STUDY MATERIAL >>
╭──

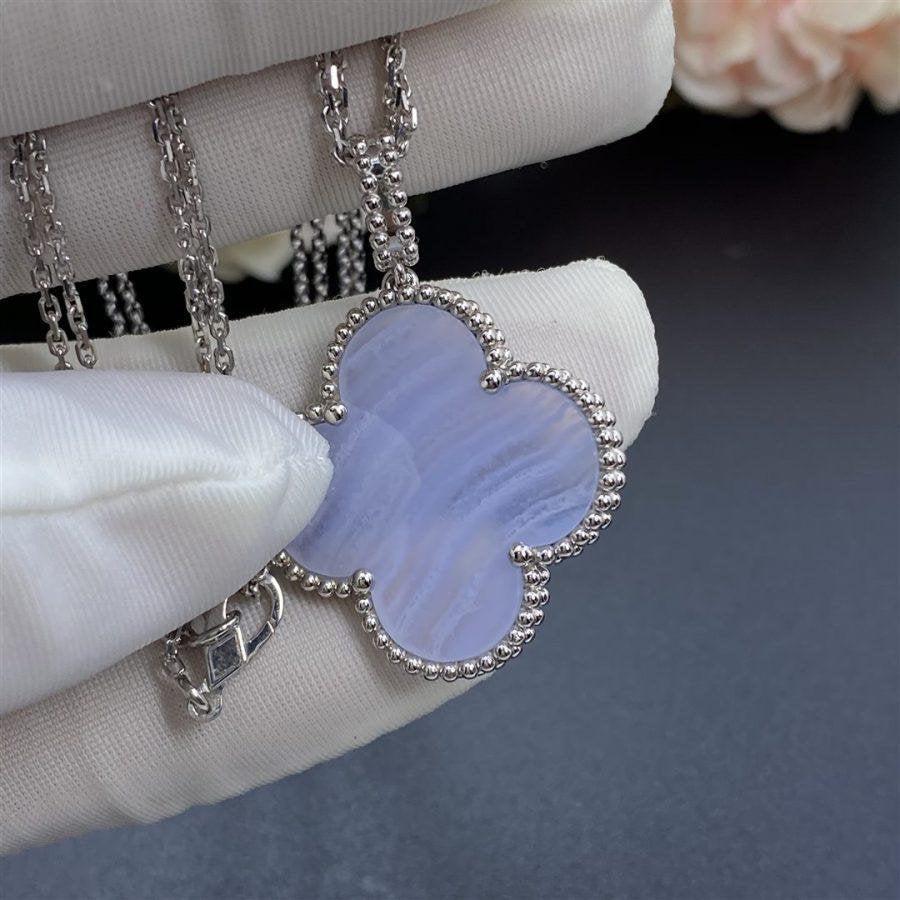 [Vintora]CLOVER SILVER CHALCEDONY BIG CLOVER NECKLACE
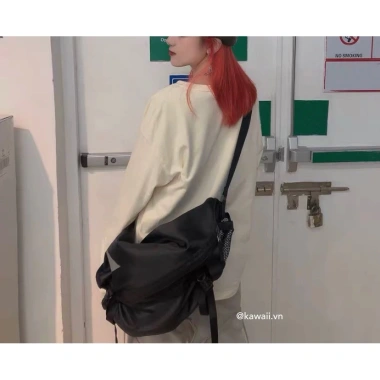 Multy Messenger BAG Túi Đeo Chéo Họa Tiết Tam Giác Phản Quang Full Bộ - Giá 290.000₫ 6 Multy Messenger BAG Túi Đeo Chéo Họa Tiết Tam Giác Phản Quang Full Bộ - Giá 290.000₫ 6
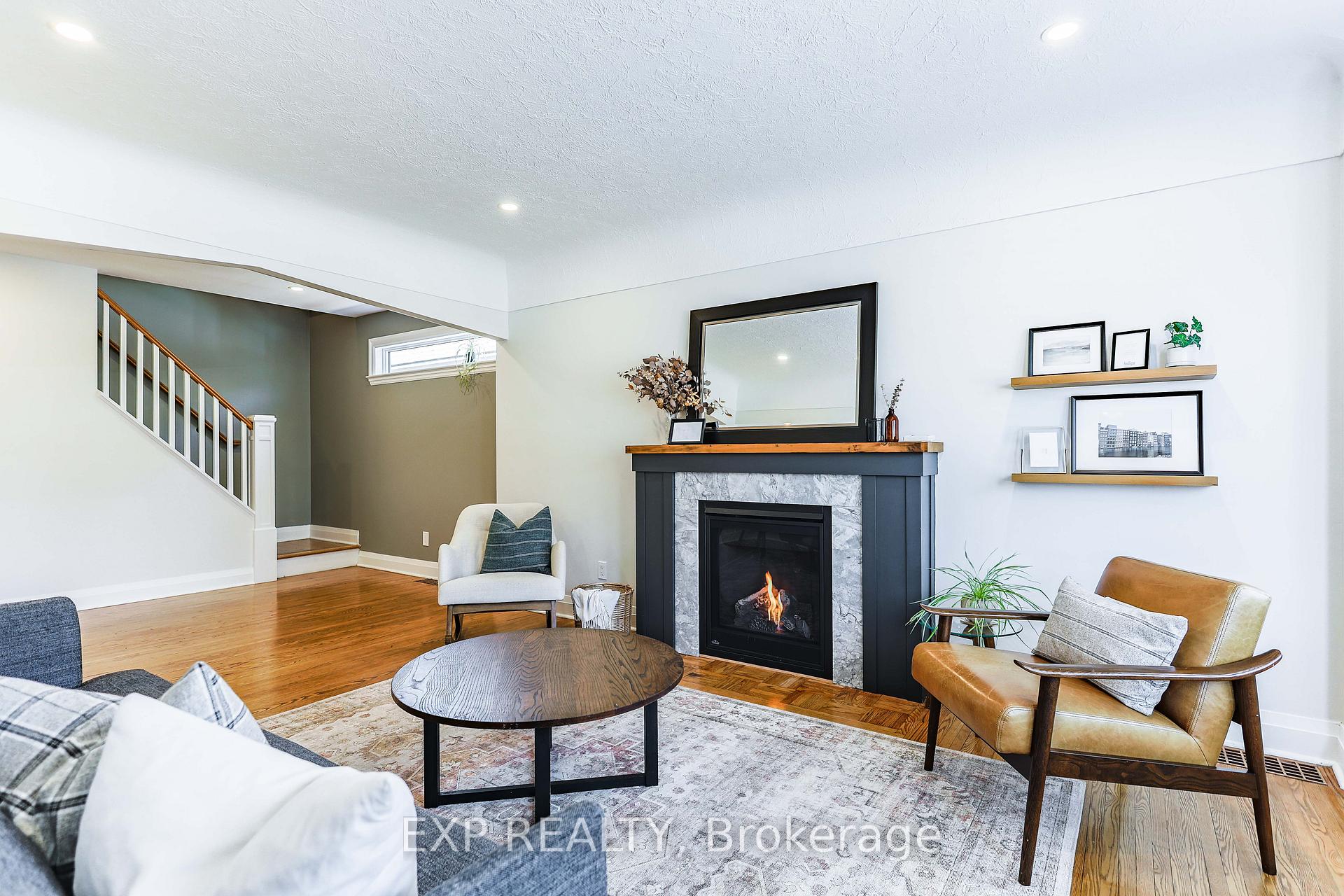 Photo 8 of 17 Edgevale Road, Hamilton, Westdale — HOMEH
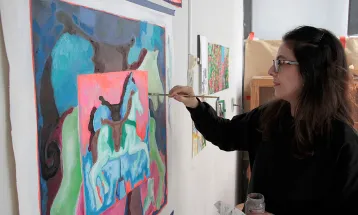 Entre o real e o fantástico: Laura Ridolfi é nova residente no Museu Casa Alfredo Andersen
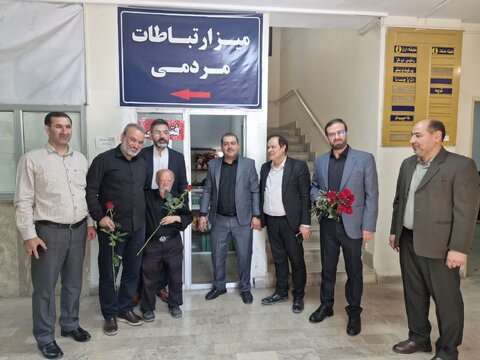 به مناسبت هفته بهزیستی و در راستای شعار "باهم برای ایران"/ دیدار مسئولین مدیریت شهری با مدیر و کارکنان بهزیستی کرج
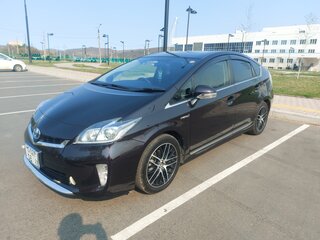 2012 Toyota Prius III Рестайлинг (XW30), фиолетовый, 1470000 рублей, вид 1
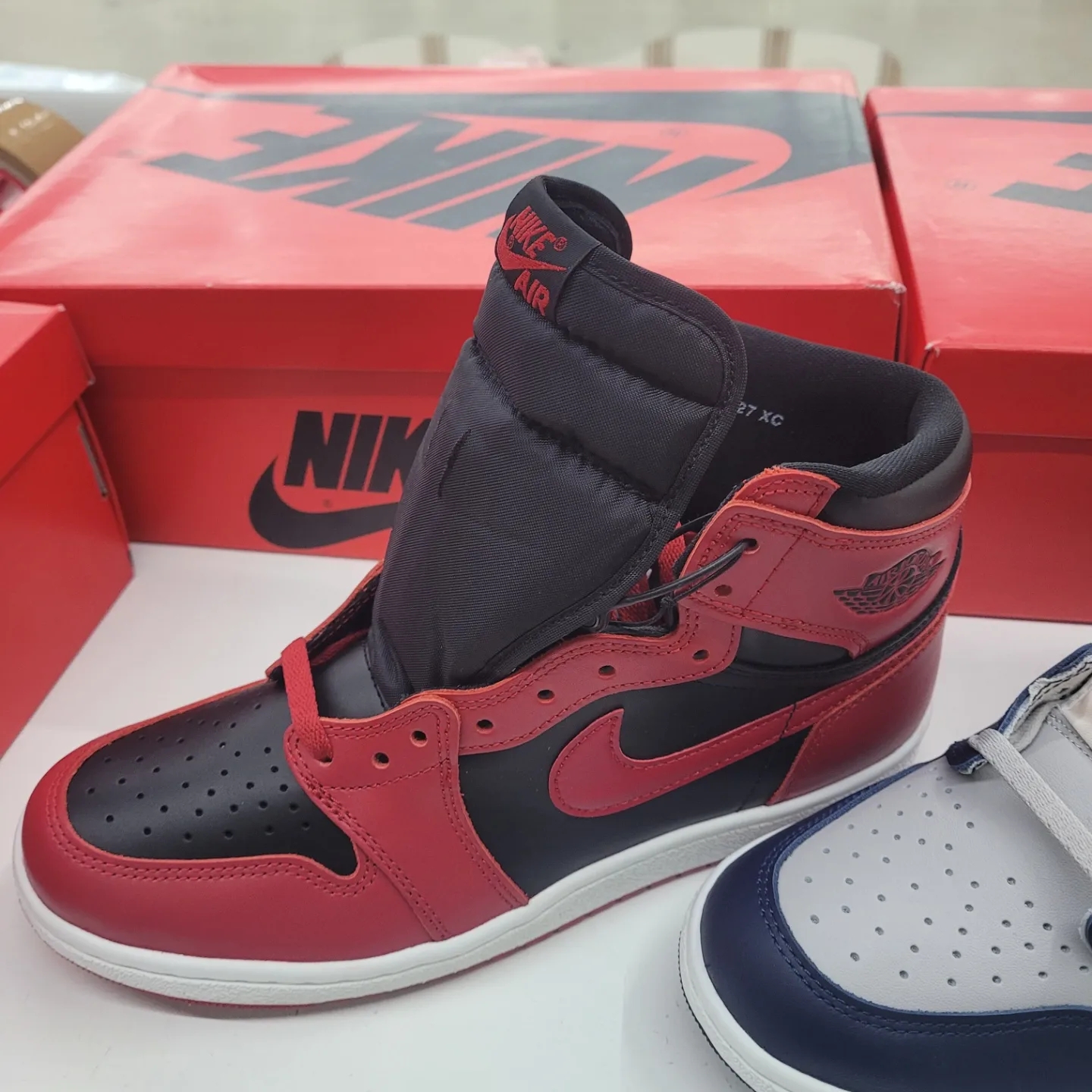 Jordan 1 High 85 College Navy, Jordan 1 High 85 Neutral Grey 착용 스타일 - 2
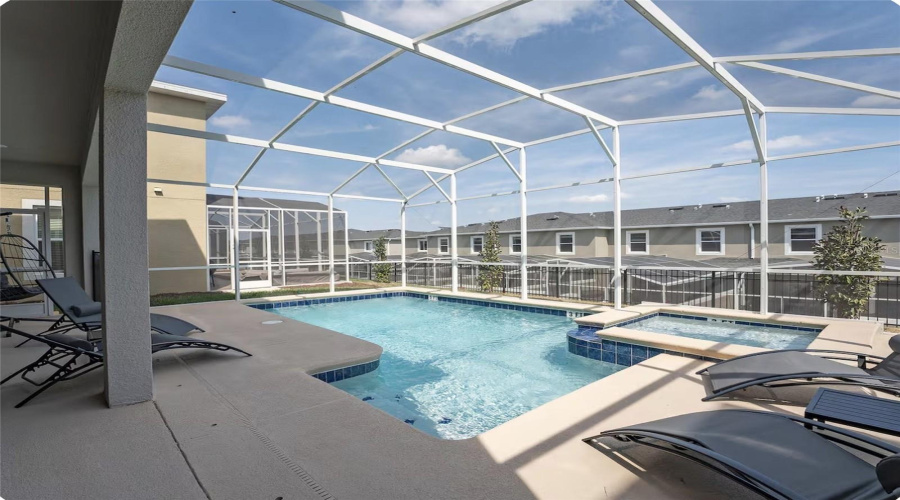 DAVENPORT, Florida 33896, 6 Bedrooms Bedrooms, ,5 BathroomsBathrooms,Residential,For Sale,SOMMERSET HILLS,0,MFRO6407876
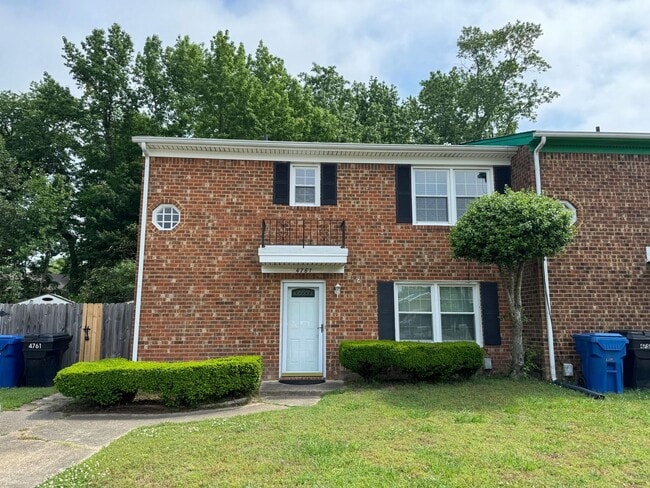 Welcome to this charming 3 bedroom "ASK AB... - Welcome to this charming 3 bedroom "ASK AB... Townhome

╰──

TASK TO COMPLETE >>
Make an exact copy of the data above, pictures excluded.

FINISHED EXERCISE >>
 [Vintora]CLOVER SILVER CHALCEDONY BIG CLOVER NECKLACE
 Multy Messenger BAG Túi Đeo Chéo Họa Tiết Tam Giác Phản Quang Full Bộ - Giá 290.000₫ 6 Multy Messenger BAG Túi Đeo Chéo Họa Tiết Tam Giác Phản Quang Full Bộ - Giá 290.000₫ 6
 Photo 8 of 17 Edgevale Road, Hamilton, Westdale — HOMEH
 Entre o real e o fantástico: Laura Ridolfi é nova residente no Museu Casa Alfredo Andersen
 به مناسبت هفته بهزیستی و در راستای شعار "باهم برای ایران"/ دیدار مسئولین مدیریت شهری با مدیر و کارکنان بهزیستی کرج
 2012 Toyota Prius III Рестайлинг (XW30), фиолетовый, 1470000 рублей, вид 1
 Jordan 1 High 85 College Navy, Jordan 1 High 85 Neutral Grey 착용 스타일 - 2
 DAVENPORT, Florida 33896, 6 Bedrooms Bedrooms, ,5 BathroomsBathrooms,Residential,For Sale,SOMMERSET HILLS,0,MFRO6407876
 Welcome to this charming 3 bedroom "ASK AB... - Welcome to this charming 3 bedroom "ASK AB... Townhome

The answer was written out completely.